Flow diagram of query processing

3.2 Distributed Database Clusters Layers

The distributed database clusters layer consists of more than one cluster. Each cluster consists of one cluster head and more than one cluster node. The cluster head is the same as a cluster node; however it has especial and additional operations to manage the other cluster nodes.

At each access to the cluster node, firstly, it checks whether it is a local access or remote. Secondly, it allows the user to access the database of the node to run the query and fetch the required data. Finally, the node access record is updated to save the information about the user’s access.

4 The Experimental Results

The performance of the proposed enhanced distributed database design is studied in a simulated environment. The simulated environment consists of three HP Compaq computers with Core-two Duo 2.10 processors and 2 GB RAM using SQL Server as DBMS. This simulation is intended to evaluate the performance of the proposed enhanced distributed database design in execution of transactions reaching the data in an appropriate site and the time taken to notice an error when an invalid query or the data not found occurs.
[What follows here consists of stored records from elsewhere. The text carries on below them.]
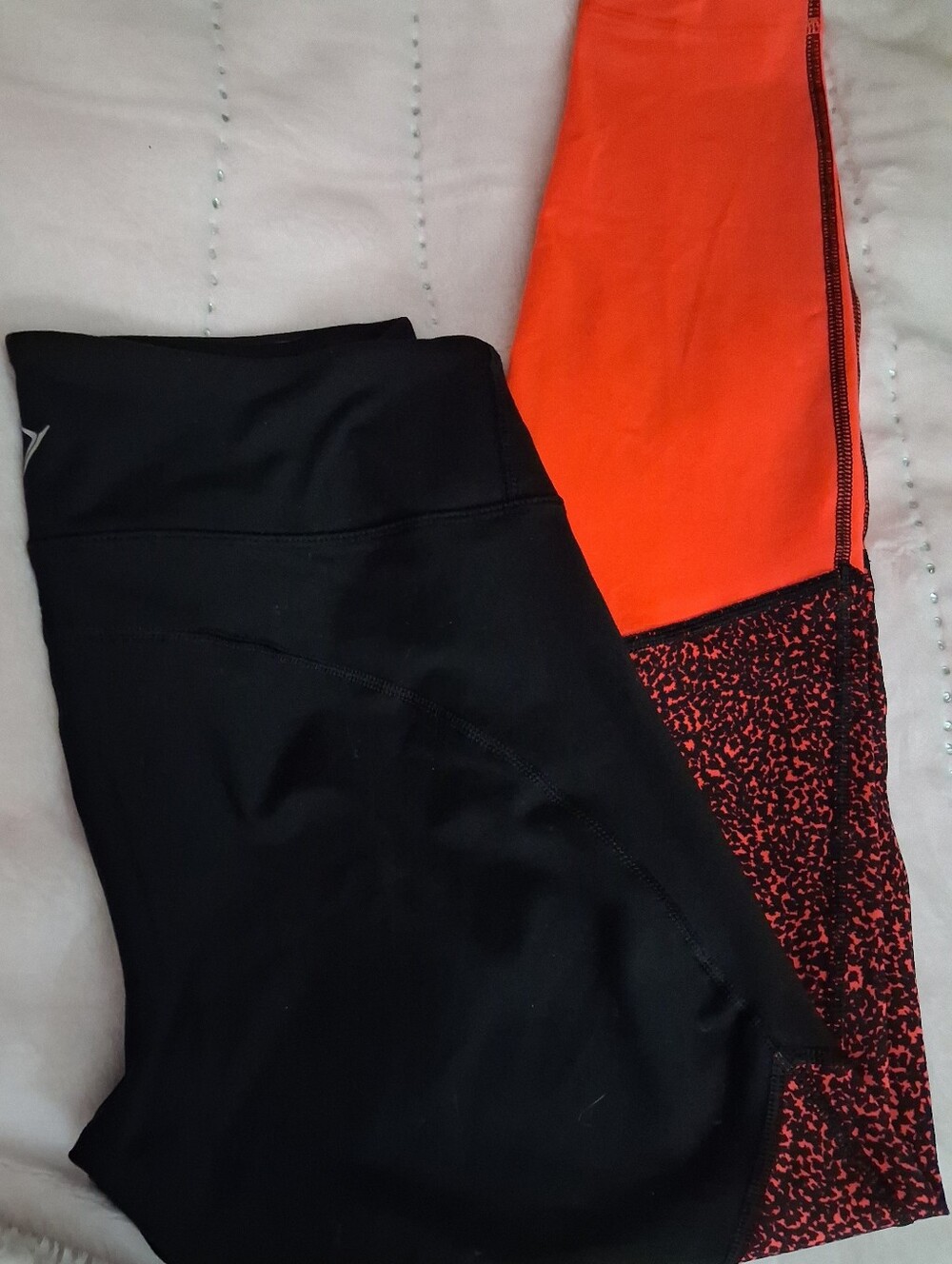 Old Navy Black and Bright Orange Girls' Leggings with Speckled Panel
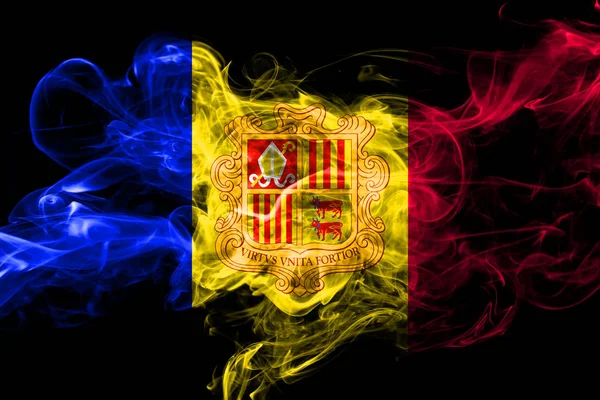 Andorra Bandera Fumar Colorido 2018 —  Fotos de Stock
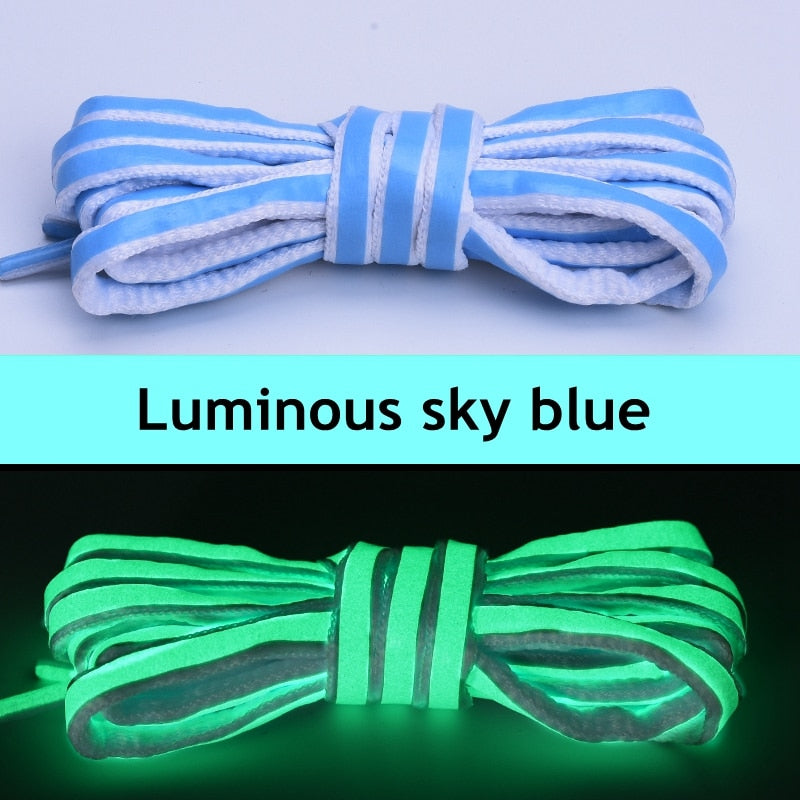 1Pair Semicircle Reflective Shoelaces Luminous Sneakers Shoelace Laser sequin Shoe laces Fluorescent Laces Shoes 100/120/140cm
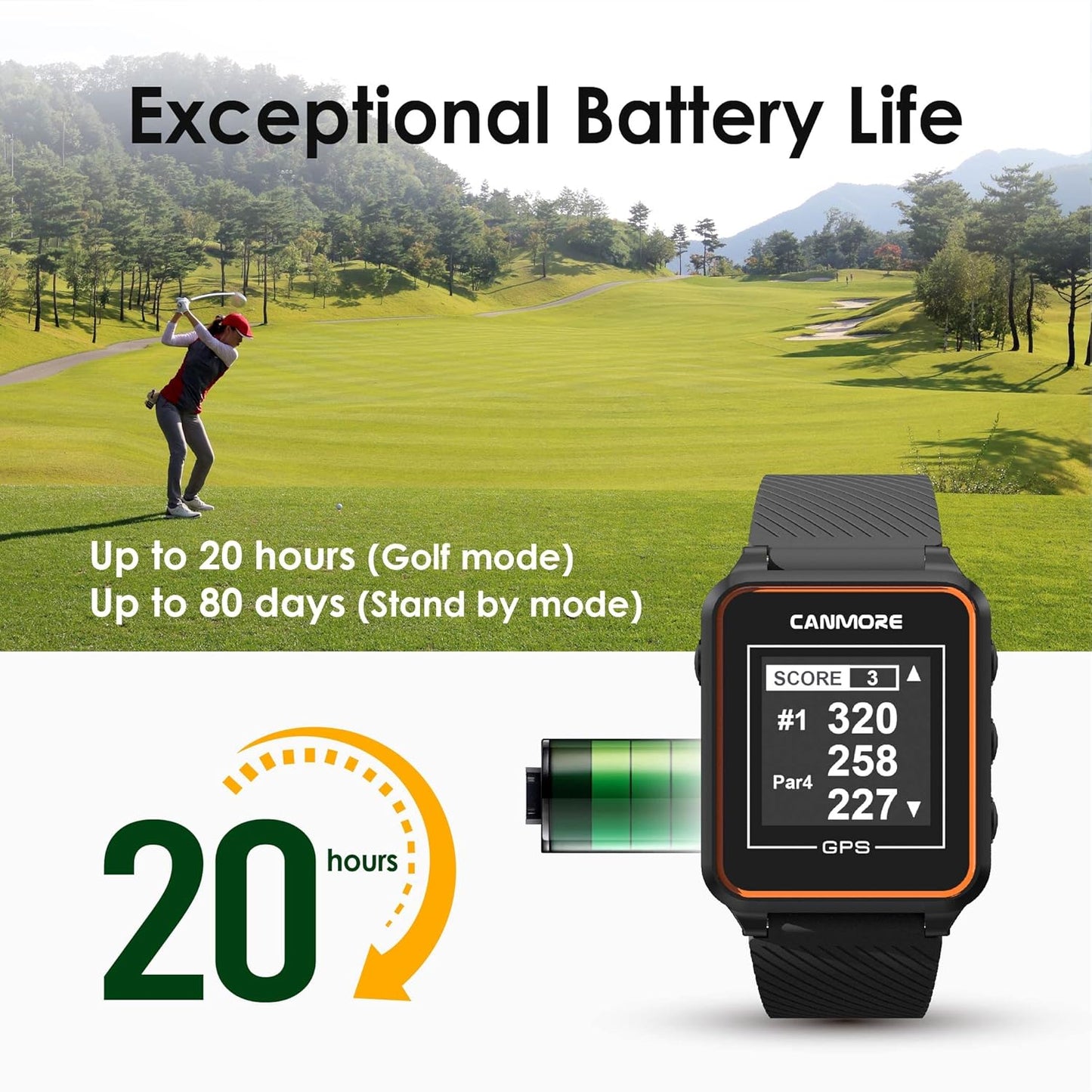 TW356 Golf GPS Wearable Device for Men and Women, Free 41,000+ Preloaded Courses Update Worldwide, High Contrast LCD Display, Upgrade IC Chip, Lightweight Essential Accessory for Golfer, Black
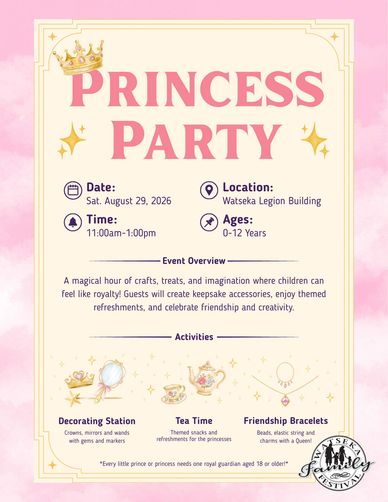 Princess Party invitation with date, location, and activities for kids.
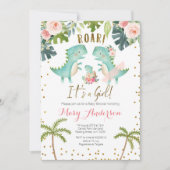 Invitation C'est une fille rose or Dinosaure Douche Couple (Devant)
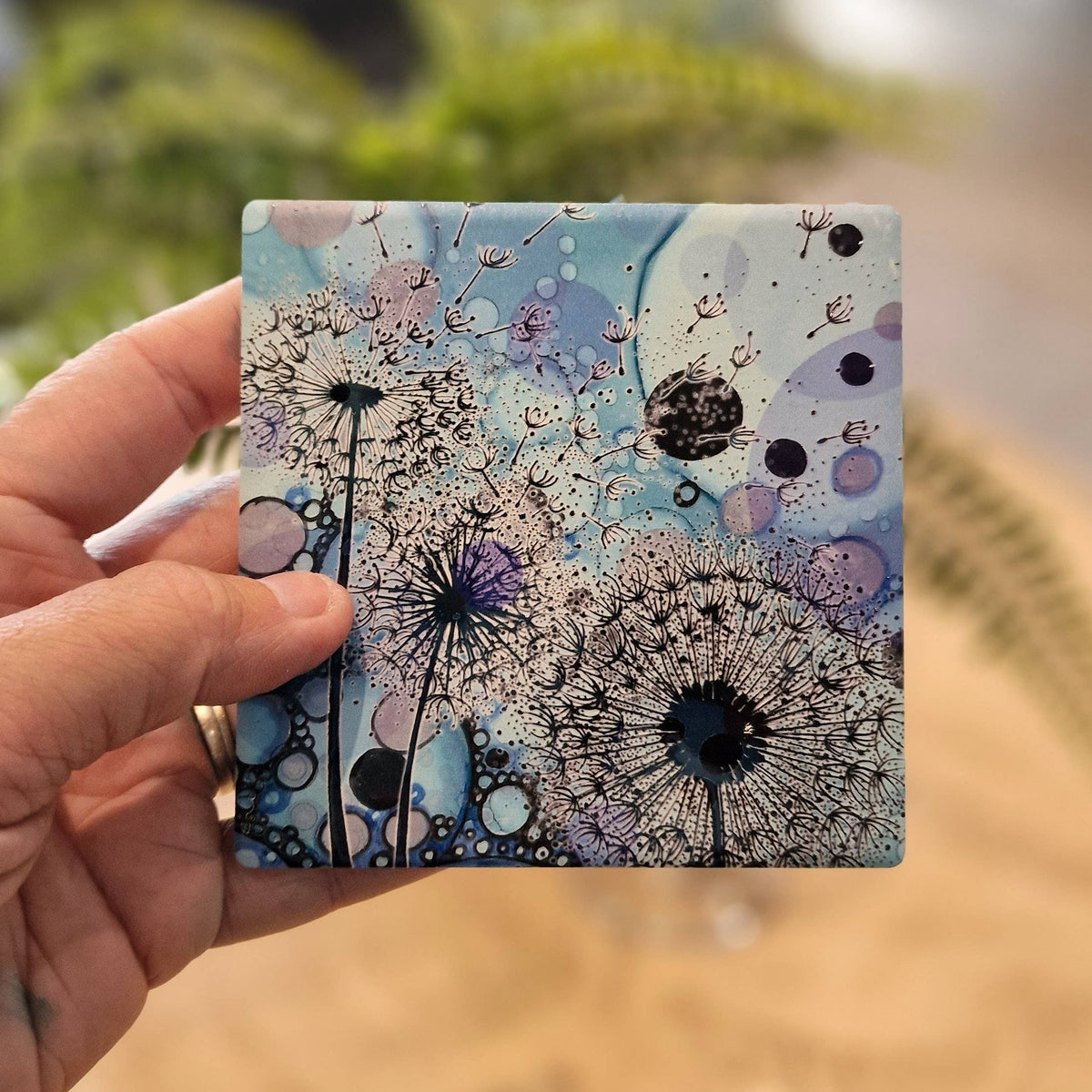 Dandelion Ceramic Coaster (Blue)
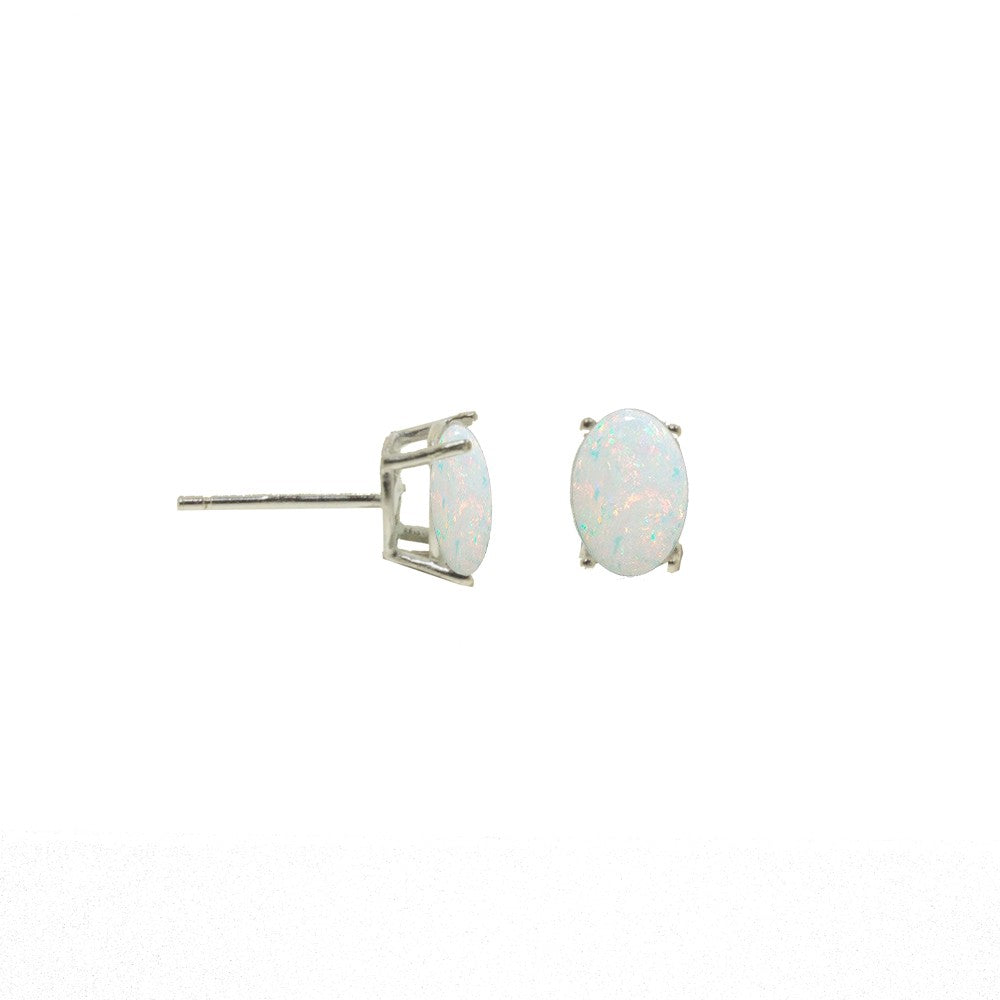 Earring Oval Opal Studs sterling silver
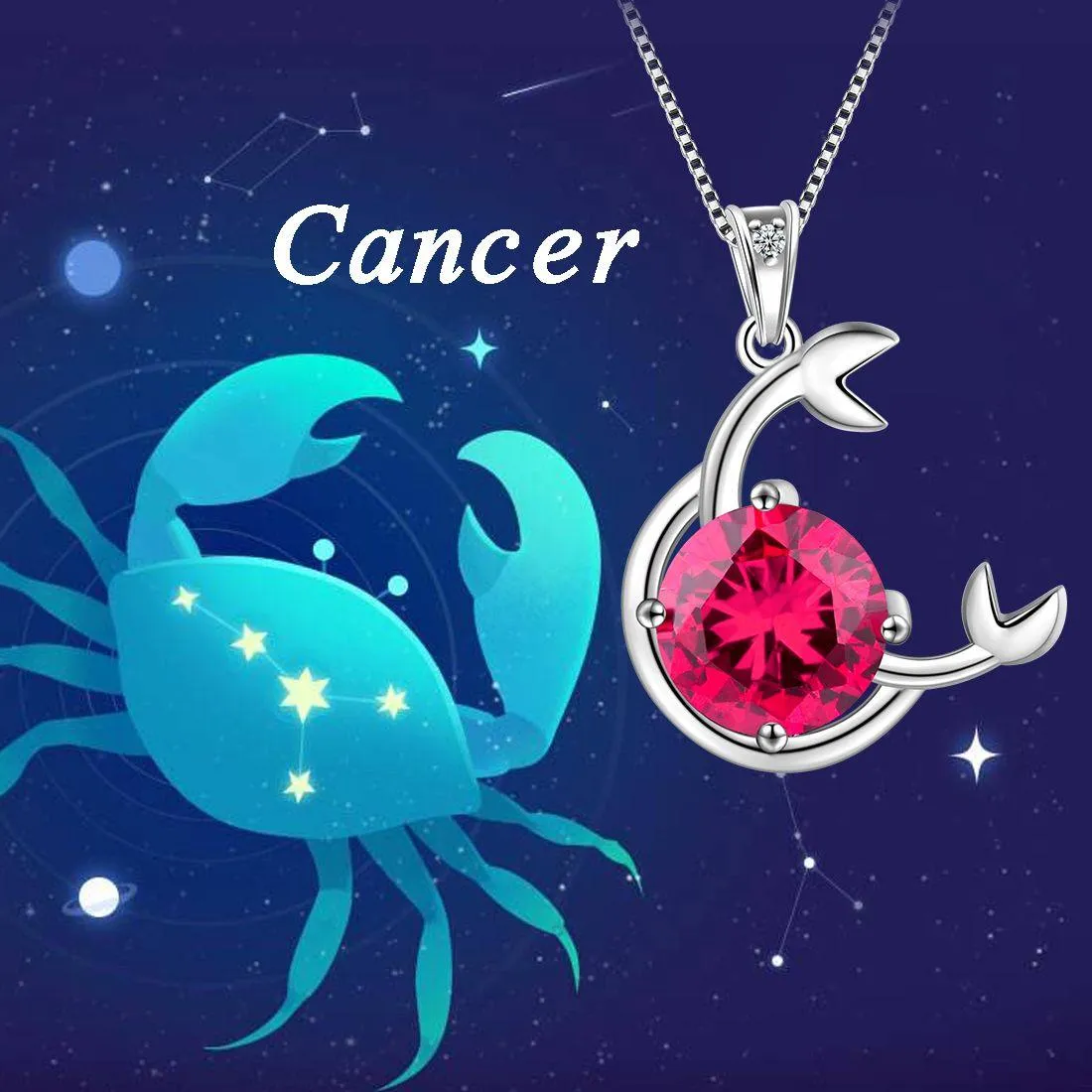 Zodiac Cancer Necklace July Birthstone Pendant Women Girls Jewelry Birthday Gift Women Girls Jewelry Birthday Gift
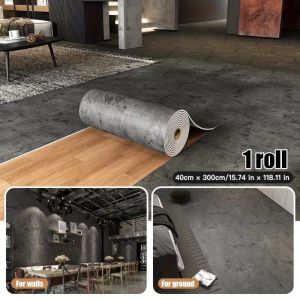 SJJL Self-Adhesive Vinyl Wallpaper 3M×40cm Concrete Texture Foam Wall Panels Decoration Thickened Waterproof Wall Stickers Home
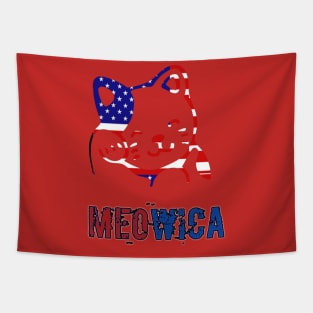 Meowica USA American Flag Cat T-Shirt funny t-shirt and gift Meowica t-shirt 4th of July t-shirt Tapestry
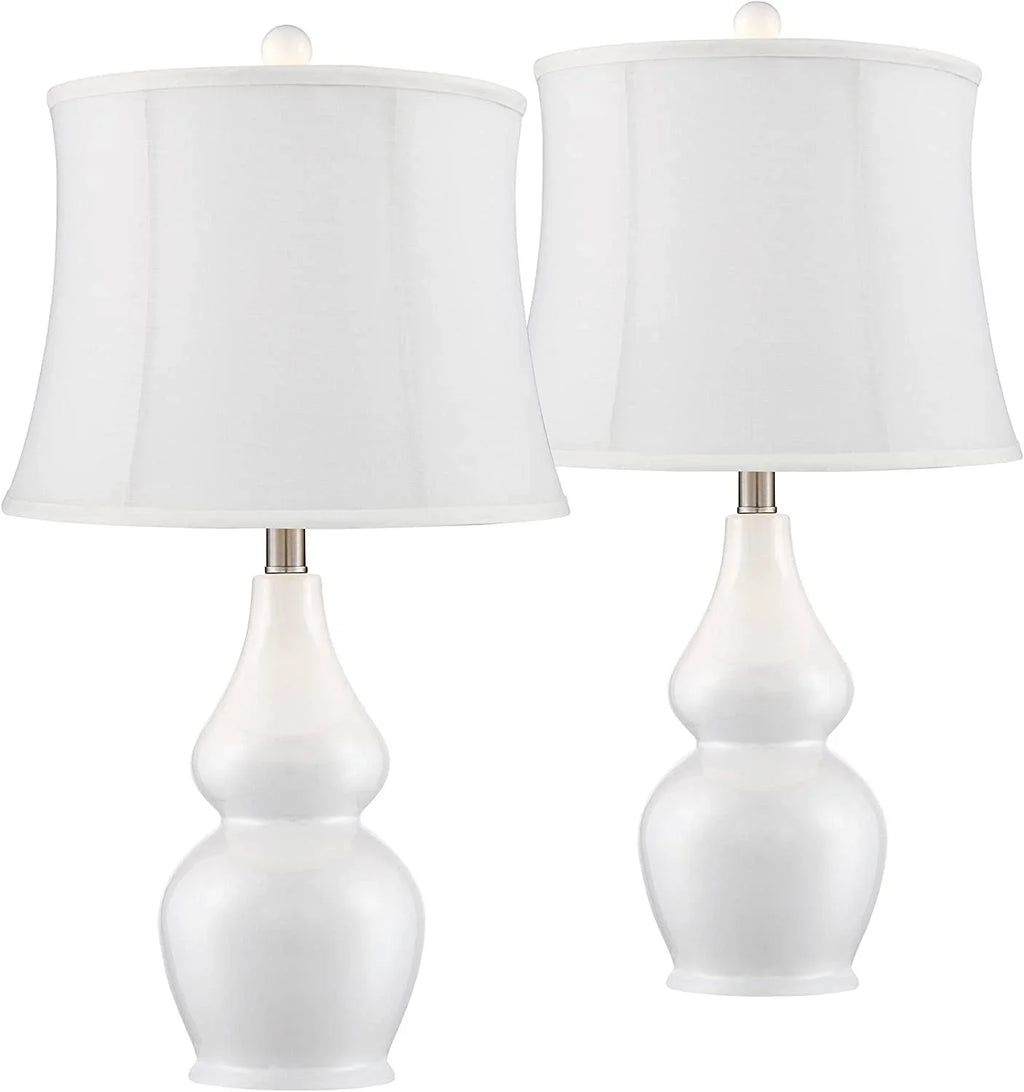 TJUNBOLIFE Lighting Jane Modern Table Lamps 25" Tall  Ivory Ceramic Double Gourd Sizeoftback Fabric Tapered Drum Sizehade for Bedroom Living Room House Home Bedside Nightstand Office Entryw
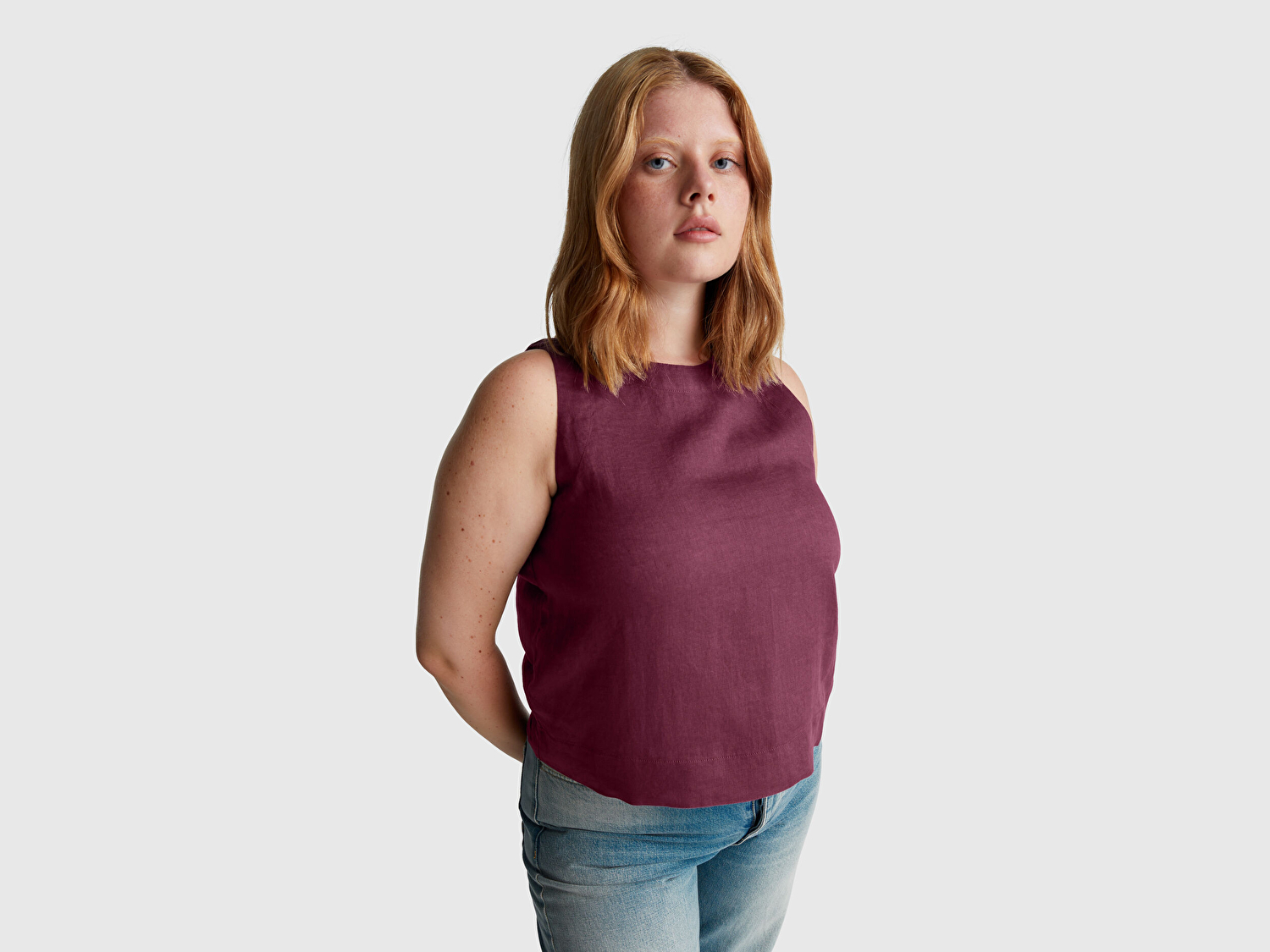 Benetton Kadın Mürdüm %100 Keten Kolsuz Bluz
The execution time and error message indication time is measured in milliseconds. We evaluate the results of the proposed enhanced distributed database design against Chord and FlexiPeer architectures in [3].

The evaluation results are shown in Fig. 3. It describes the evaluation results of the average times taken to execute a transaction in the proposed enhanced distributed database design, Chord and FlexiPeer [3] when the client is at the same site of the data or when the client is at a different site to that of the data. It also describes the evaluation results of the average time taken to indicate errors in the proposed enhanced distributed database design, Chord and FlexiPeer.

Fig. 3.
figure 3

Evaluation results

The main contribution of the proposed enhanced distributed database design is that it solves all mentioned drawbacks of the clustered approach proposed in [3] to minimize communication costs and enhance the DDBSs performance. The proposed enhanced distributed database design firstly, uses our previous enhanced fragmentation, allocation and replication technique proposed in [1], which takes the fragmentation, allocation and replication decisions at the initial stage of designing the distributed database. It is knowledge based on the requirement analysis phase by using the enhanced CRUD (Create, Read, Update and Delete) matrix without help of empirical data regarding query executions and without taking into account the location of the sites. It also aims to maximize the number of local accesses compared to remote accesses in order to enhance the systems performance and increases the availability. Secondly, it results in a significant reduction of the execution times needed for the transactions to reach the data in an appropriate site and the time taken to notice an error when an invalid query or data not found occurs.

5 Conclusion and Future Work

Improving the performance, increasing the availability of data and access facility are the main motivation for distributed databases. The efficient distribution of fragments and its replicas to the sites of the distributed database system play the critical role of the performance and the cost of a distributed database system. In this paper, we present an enhanced distributed database design over a cloud environment. The proposed system design allows distributed database systems to be accessed from anywhere. In addition, it allows fragmentation, allocation and replication decisions to be taken statically at the initial stage of designing the distributed database, without the help of empirical data about query executions. Experimental results show that the enhanced distributed database design, results in a significant reduction of the execution time needed for the transactions to reach the data in an appropriate site and the time taken to notice an error when an invalid query or data not found occurs. As proposed future work, firstly, we plan to use an enhanced clustering technique to cluster distributed database sites into disjoint clusters. Secondly, we plan to implement the remaining parts of the proposed architecture to efficiently allow fragmentation, allocation and replication decisions to be taken automatically at run time.